Sickie -- I think the cost of the mold would be more than the cost of making the prop itself. And it would take up a lot of room. But... if you got the attic space and you're good with fiberglass layup, hey go for it... you might be able to offset the cost selling giant fake pumpkin props.


----------



## Revenant (Mar 17, 2007)

bourno said:


> I got some 4 foot beach balls that I had planned on papermache, but I haven't gotten around to it yet and have no idea how much paper or time it would take. I also thought about just doing a quick, non-professional fiberglass of the balls too and just paint the indentions as from a distance I don't think a person would be able to tell that it was completely round.


If you first deflated the beachballs some and tied loops of string around them and re-inflated them, they'd have indentations. And you could maybe put a weight on top in the center to squish it down some to make it shaped more...um... pumpkiny. :jol:


----------



## ScareFX (Aug 18, 2004)

This is the biggest I've run across. From HauntedOverload.














































More photos here:
http://www.hauntedoverload.com/Photo/2006/setup/2006sphoto.htm

Details on the build can be found here:
http://www.terrorsyndicate.com/methodz/viewtopic.php?t=183


----------



## Holyhabanero (Aug 9, 2007)

I saw a link to 



 on a sports message board, and in it there is a mascot being destroyed. Just towards the end, you can see that they made this statue out of layered styrofoam boards, which must have been glued together and obviously cut to shape then molded and painted. I'm thinking this may be a fairly cheap and easy way to go, not to mention lightweight.


----------



## Holyhabanero (Aug 9, 2007)

Holy Hades FX, that is one huge pumpkin. Thanks for the link.


----------



## turtle2778 (Jul 9, 2006)

okay now what the hell is that HUGE pumpkin made of???? THAT is just cool.


----------



## ScareFX (Aug 18, 2004)

turtle2778 said:


> okay now what the hell is that HUGE pumpkin made of???? THAT is just cool.

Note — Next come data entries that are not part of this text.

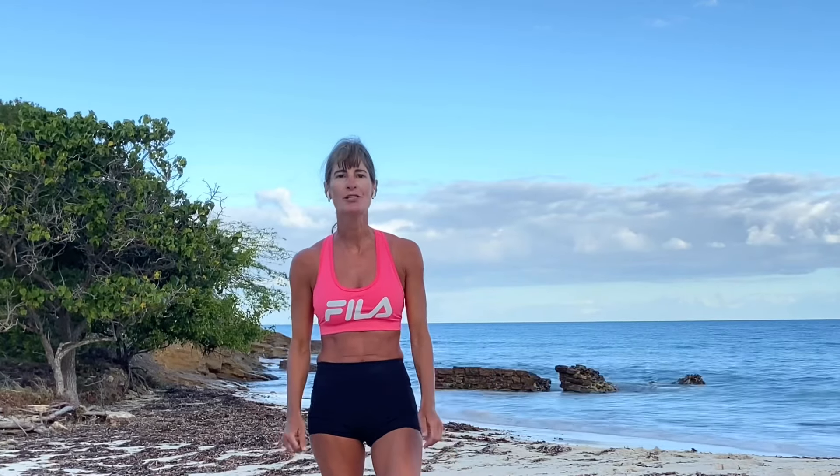Thanks for working out with me today! If you enjoyed this workout, please subscribe to the Trainer Julia channel where you'll get a lot more workouts like this one — short 15 to 20 minutes, require little to no equipment, and can be done in your own home. This is Trainer Julia saying thank you very much for watching, and have a fit day and a great day!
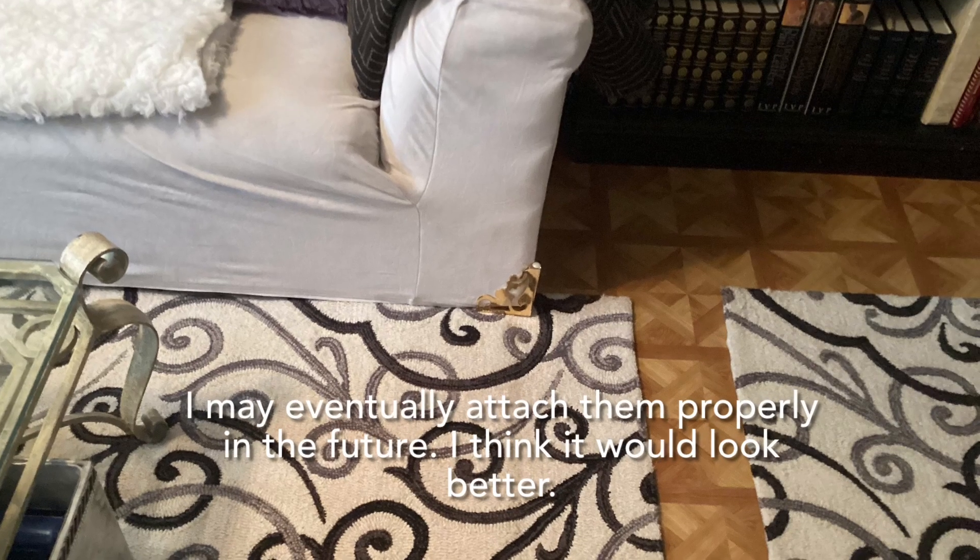I didn't want my sofa to be any higher than it was, which is why I didn't properly attach them using the screws.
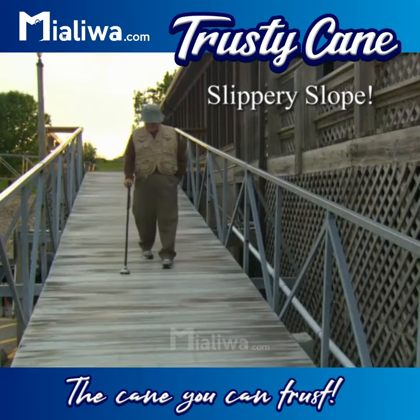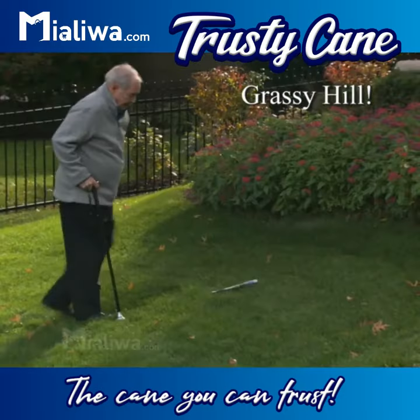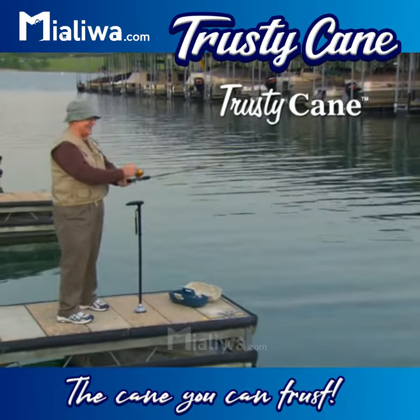Just look at the difference — a slippery slope, a rocky path, steps and stones, or a grassy hill. Now you can enjoy the freedom to go anywhere you like with Trusty Cane at your side.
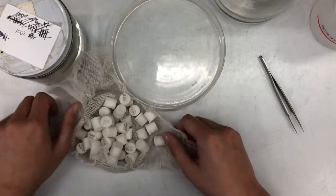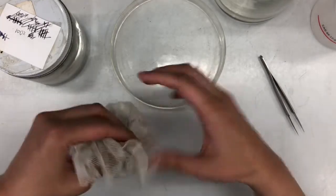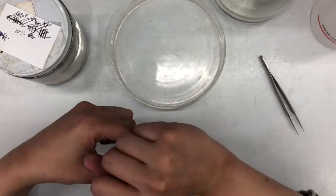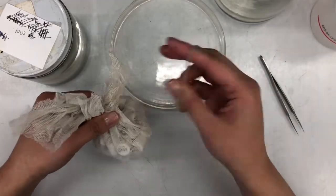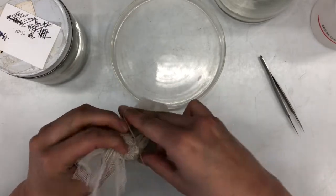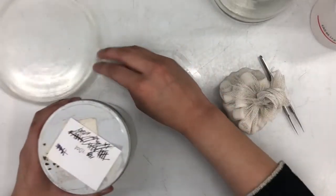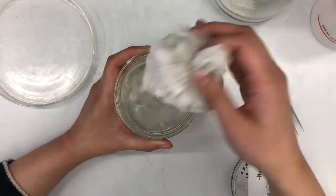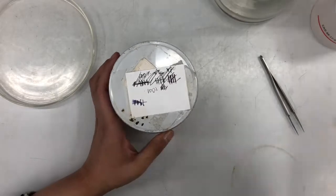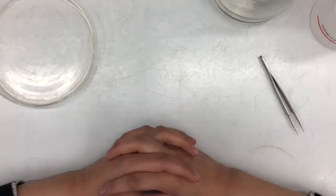Bring up the corners of the netted bag and tie it up. Take one of the thinner elastics and wrap it around - not too tight, so there's a little bit of wiggle room inside the bag, but tight enough that nothing can come out. Put them into the 100% alcohol jar for their second soak. Because they're smaller specimens, they can soak for a minimum of four hours, but I usually just leave them for 24 hours. Then we just wait for the next day to CPD.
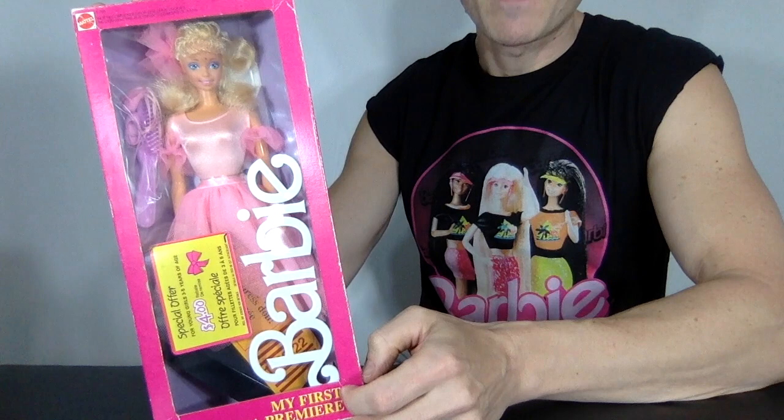Today we are unboxing this Super Retro My First Barbie. Let's go!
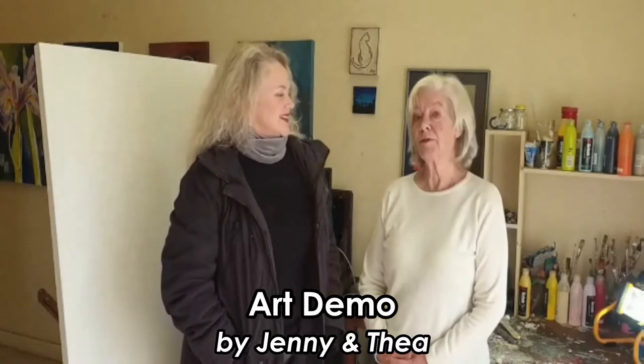Hi, I'm Thea and I'm Jenny Merritt. Welcome to our YouTube channel called Art Demo by Jenny and Thea. We're planning to do a few different mediums, which will be fun — some watercolor, some palette knife work and, as you might see the big canvas behind, large abstracts.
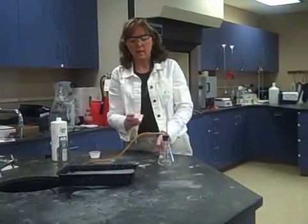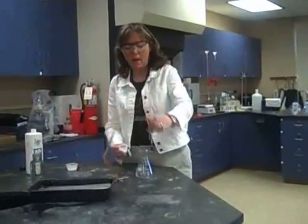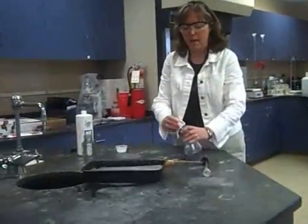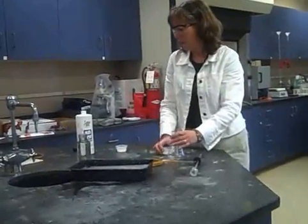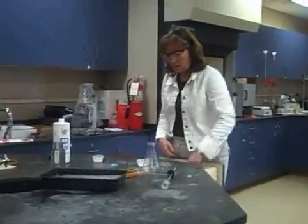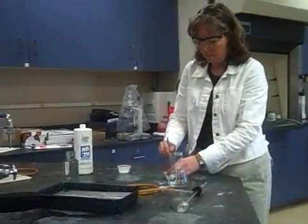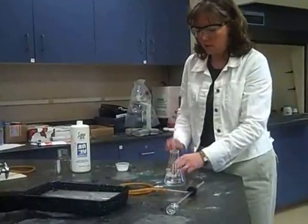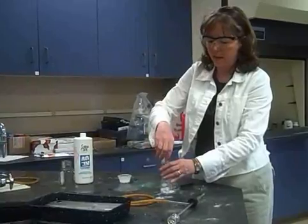I'm going to take the catalyst — potassium iodide — and we're going to open up the Erlenmeyer flask and coat the bottom of this with the KI, potassium iodide. You want to break it up and try to get as much surface area as you can. I'm going to put that in the bottom of the flask.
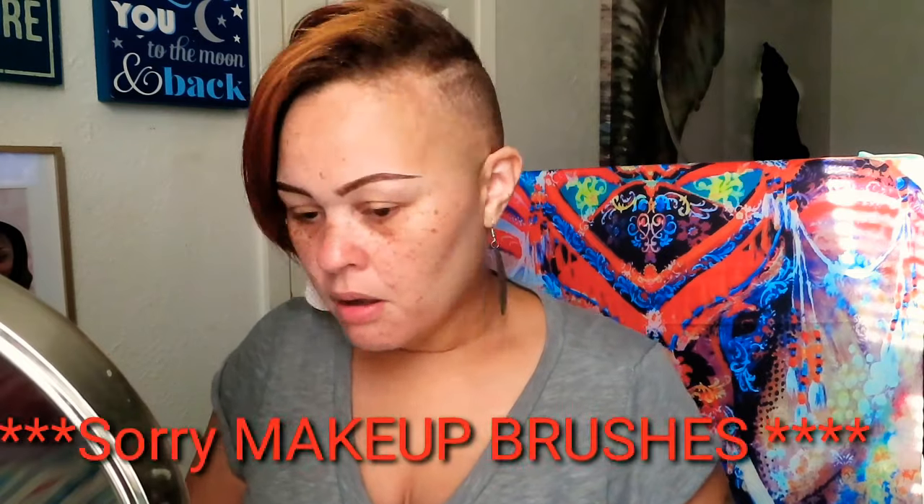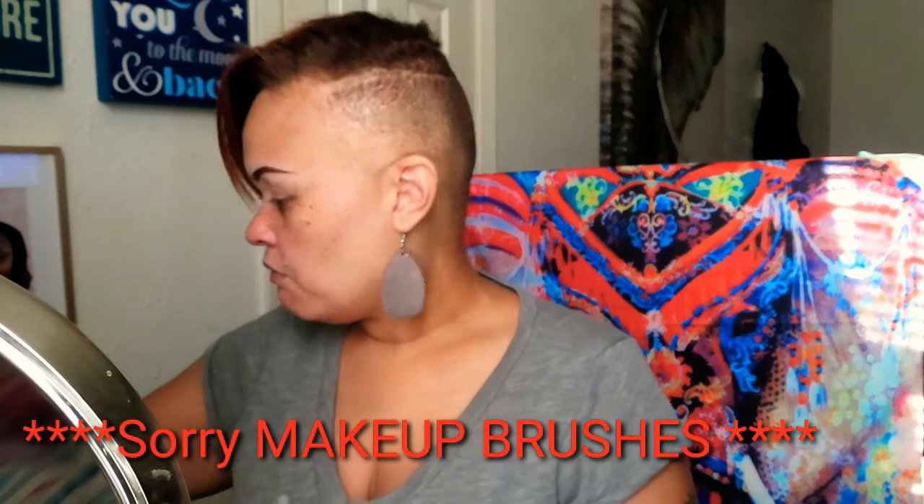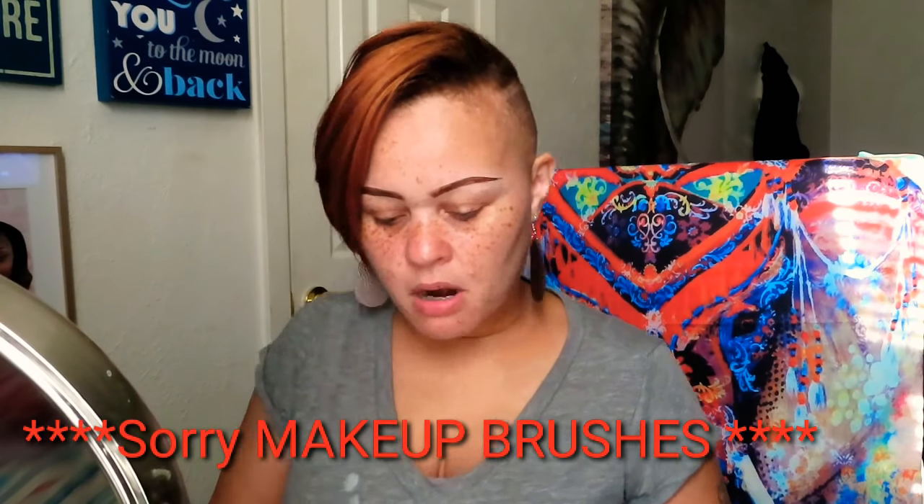The next product from the same company that I'll be doing a review on are some eyebrow brushes. I already did my eyebrows because I did a product review prior to this video for a different product. So my eyebrows are complete. I haven't been putting on makeup lately because I haven't been feeling well. These are some makeup brushes — let's take a look. It's a seven-piece makeup brush set.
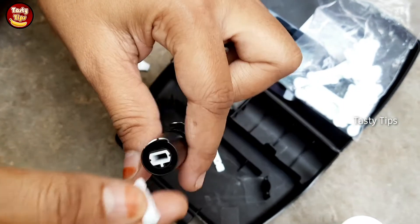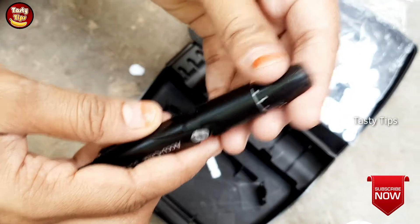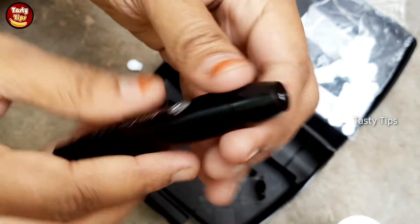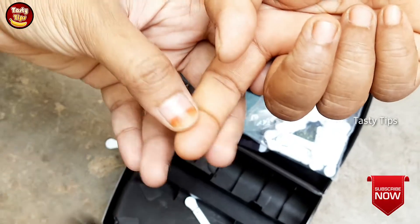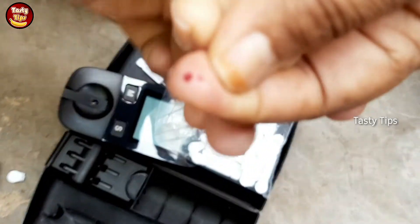Once we cut it, then we cut the plate here. Place the plate as grease and then press the plate. Set the plate in it. Now let's put the plate in it.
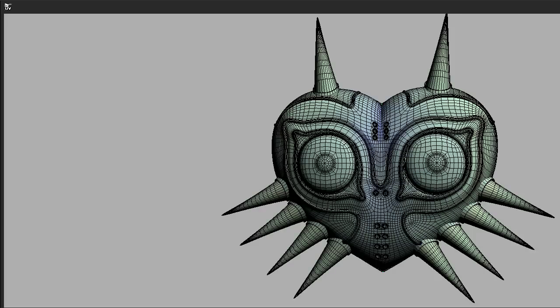Hi everyone and thanks for watching 3dmotive.com. My name is Cordell Felix and in this video I will show you how to use HEDIS UV Layout. HEDIS is a great tool to help unwrap a model very quickly and get great results. It can be used to unwrap both organic and hard surface models with ease. I use HEDIS to unwrap every model I make that needs to be used for baking and texturing.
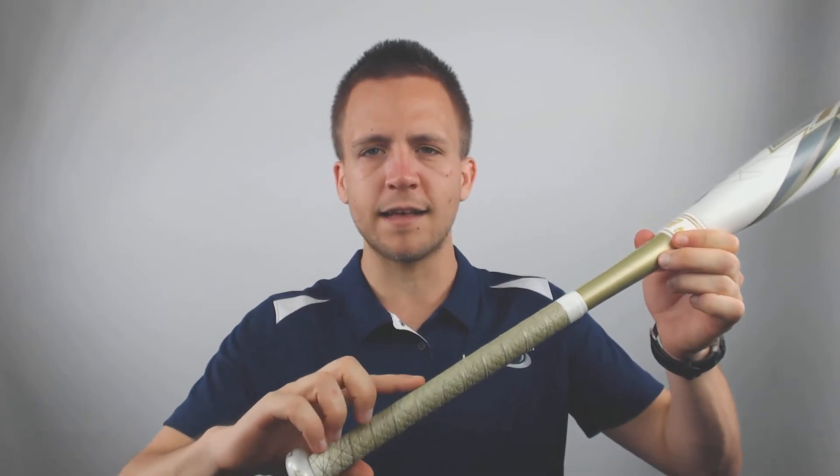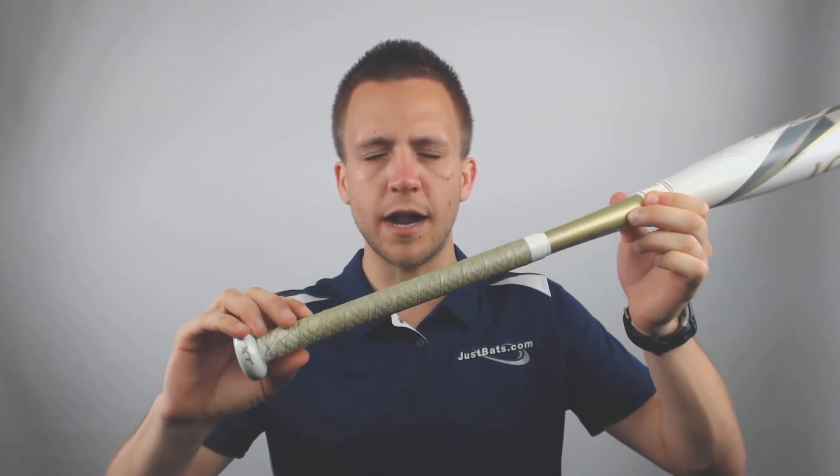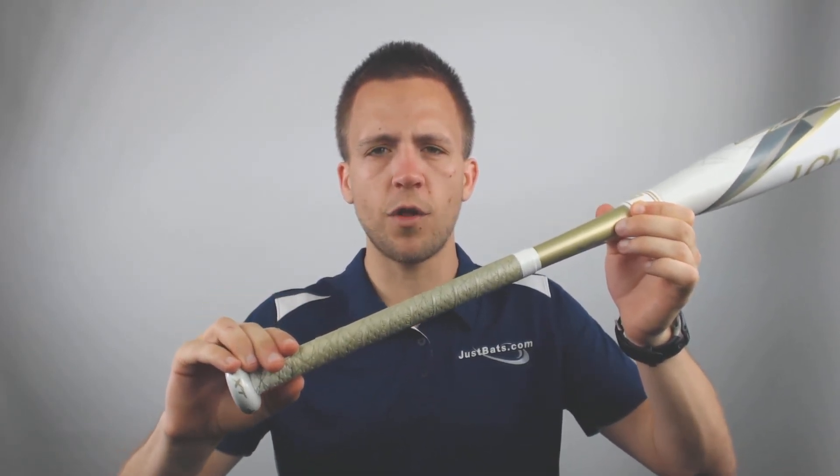Furthermore, this bat is going to be hot right out of the wrapper and will require minimal to no break-in period at all before you receive peak performance off the barrel. It's also got an LS Pro grip to provide optimal comfort and control at the plate.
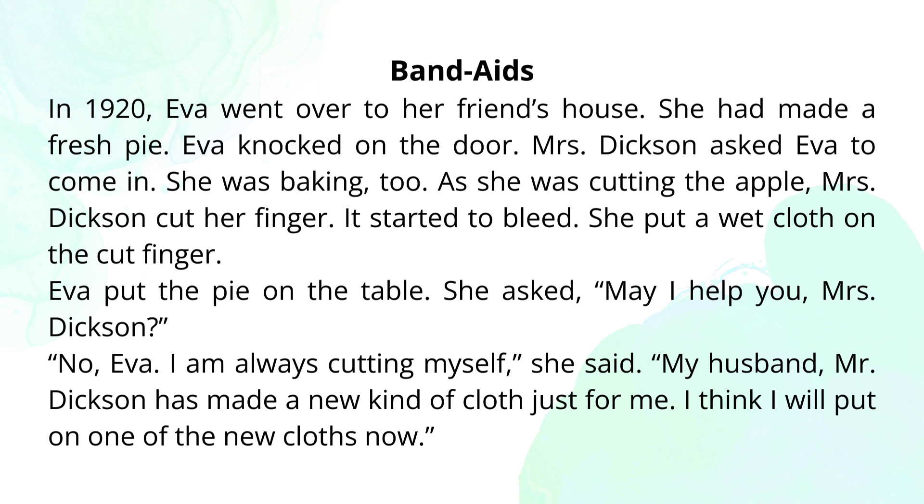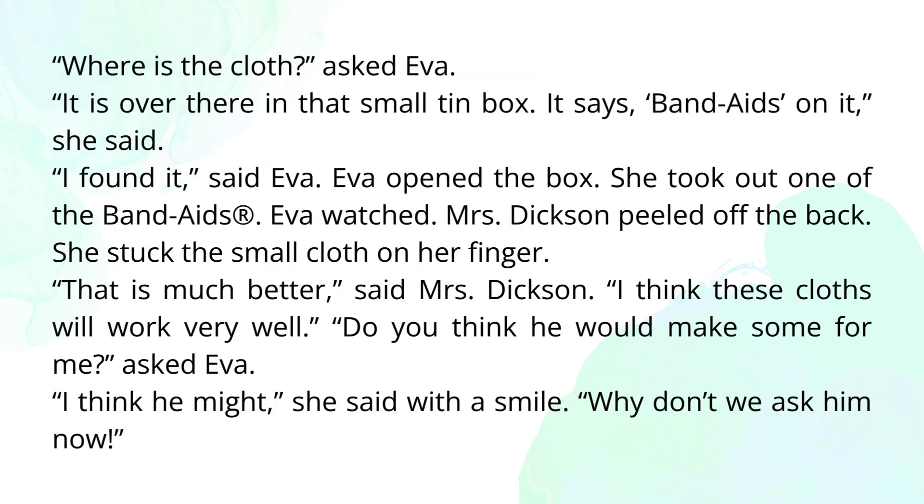Eva put the pie on the table. She asked, "May I help you, Mrs. Dixon?" "No, Eva, I am always cutting myself," she said. "My husband, Mr. Dixon, has made a new kind of cloth just for me. I think I will put on one of the new cloths now. Where is the cloth?" asked Eva. "It is over there in that small tin box. It says band-aids on it," she said. "I found it," said Eva. Eva opened the box. She took out one of the band-aids.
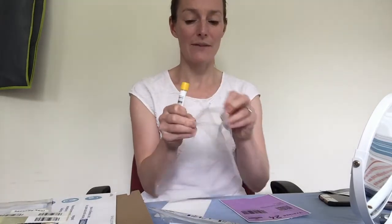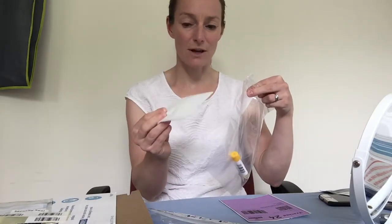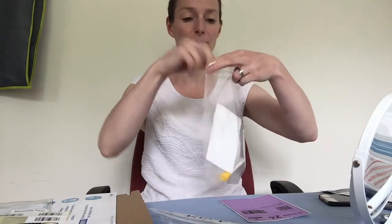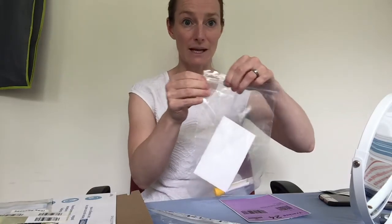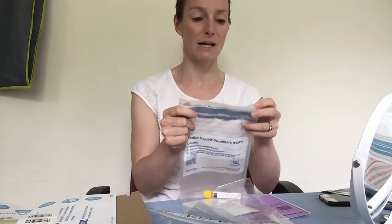The next thing is to put the vial inside the first sealed bag they've given you. Then add the absorbent foam they give you in the bag as well. Once you've done that, seal the bag and then put the bag inside what they call the biohazard bag.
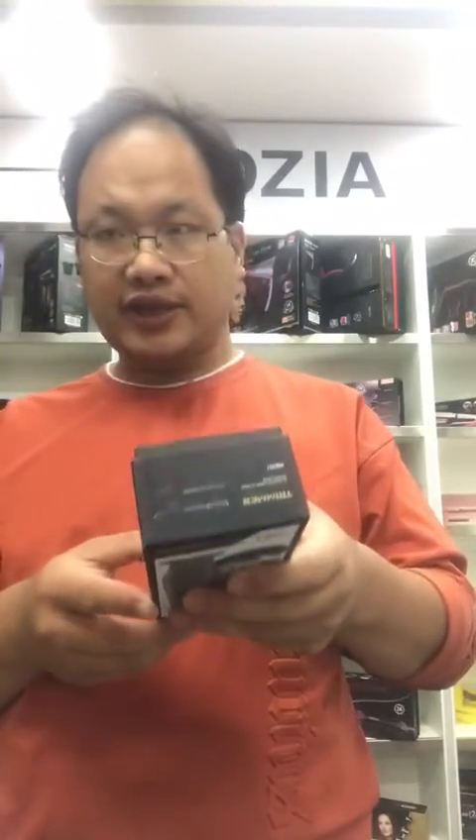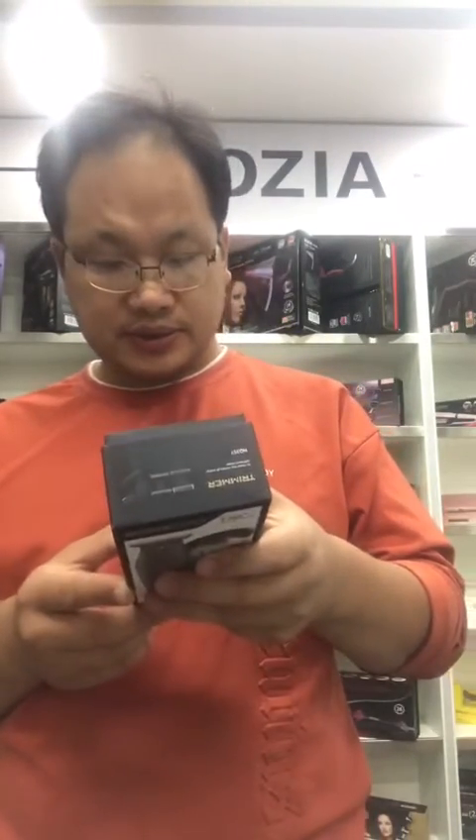The charge time is two hours and the work time is almost 80 minutes. Now let's see the inside.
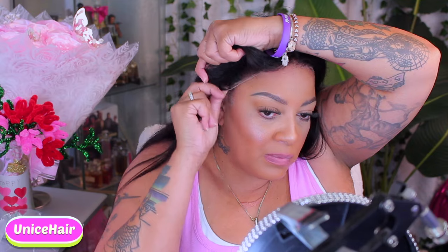Hey y'all, hey! It's your girl. What's up, everybody? So today's tutorial, you already know, is by You Nice Hair, where you can go and check them out on Amazon Prime. Get your own time, okay? So I decided to start the video off like this, you know what I'm saying?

According to the builder, the frame is made of electrical conduit and chicken wire.

It was then covered with cheese cloth and he had a sprayfoam insulation company spray it 8 inches thick.


----------



## Daphne (Oct 18, 2006)

Whoa! That pumpkin is awesome but it is just the tip of the iceburg. Those people have some seriously enormous and impressive props. My yard looks like I created it in miniature compared to that stuff! Their props are amazing.

Talk about trying to find somewhere to store a few decorations!!


----------



## Sickie Ickie (Jun 20, 2006)

Revenant said:


> Sickie -- I think the cost of the mold would be more than the cost of making the prop itself. And it would take up a lot of room. But... if you got the attic space and you're good with fiberglass layup, hey go for it... you might be able to offset the cost selling giant fake pumpkin props.


You read my mind Rev.


----------



## Sickie Ickie (Jun 20, 2006)

ScareFX said:


> This is the biggest I've run across. From HauntedOverload.
> 
> Details on the build can be found here:
> http://www.terrorsyndicate.com/methodz/viewtopic.php?t=183


You have to be a forum member.


----------



## MacabreManor (Jul 23, 2007)

I'm not sure what happened over at terrorsundicate. I haven't been able to log in lately and it seemd they have a few old boards spread throughout the net. Nevertheless that pumpkin is awesome!


----------



## Lilly (Jun 13, 2006)

Well Sickie you can always join MOM there's alot of us over there also.
I haven't had any prob logging in Macabre...hmm

that is one giant punkin for sure..he must have a pole barn to store that.


----------



## slimy (Jul 12, 2006)

I thought MY storage issues were bad. 

That thing is awesome.


----------